The Chicago Teachers Union

Teachers Union CompromisesEarly Tuesday afternoon in April of 2012, the Chicago Teachers Union recognized the major’s decision to shift his longer school day stance slightly. Rather than demanding the school day be kept at 7 ½ hours for most public elementary schools in the area, it would be reduced to 7 hours instead. Even with this thirty minute difference, the Teachers Union still stated that the mayor needs to continue with the compromising process.

With over 30,000 members the Chicago Teachers Union is a powerful voice in education and other education-related issues in Illinois today. It is a labor union that represents a variety of teachers in the public school system, and is an affiliate of the American Federation of Teachers. President Karen Lewis serves as president of the Chicago Teachers Union, and her leadership position played an important role in the proceedings of whether the school day should be shortened during an educational issues meeting this past April.

The Teachers Union Motion for Shorter School Days

According to Karen Lewis, who spoke at the union’s headquarters, “Once again, Chicago Teachers Union has been proven correct. Today, the mayor moved his toe an inch from the line.” Yet she added that it is important these changes in education not be done to simply appease the union or as a political slogan, but to serve as a solid educational plan for students, teachers, and parents.

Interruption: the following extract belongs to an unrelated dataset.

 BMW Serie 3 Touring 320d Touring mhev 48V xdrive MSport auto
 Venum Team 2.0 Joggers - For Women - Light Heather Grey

The president went on to say, “Now that the mayor is starting to listen to parents, teachers, and research regarding the pitfalls of the longer school day program being pushed in school districts across the country, it is now time he used both ears to hear everything we are saying about the types of schools our children deserve.” Ultimately, it is not only the length of the school day that matters, but how well the school uses its time to help students learn and develop those important skills.

Need for More Compromise in Education in the Future?

Even with this step toward a shorter school day, the Chicago Teachers Union is still working toward making new compromises with Mayor Emanuel. They believe that parents and students would work better with a 6 ½ hour school day, which is closer to the 6 hour average in the state of Illinois. The union also points out that in light of the big budget issues and problems facing education today, the city will need to pay—and state how exactly they will pay—for that extra time being spent in school.

Although there are benefits to a longer school day and disadvantages to a shorter school day—and vice-versa—a recent survey helps recognize teacher standards in work days and the great responsibility and effort involved in the professional career. On average, teachers work for nearly eleven hours during a standard school day, and then spend another two hours at home preparing lessons and work for the following day. Teachers work on average almost another four hours on schoolwork on weekends, and a little over 58 hours per week during the school year itself. Hopefully a compromise in education concerning a shorter or longer school day for both the mayor of Chicago and the Chicago Teachers Union will be reached in the near future.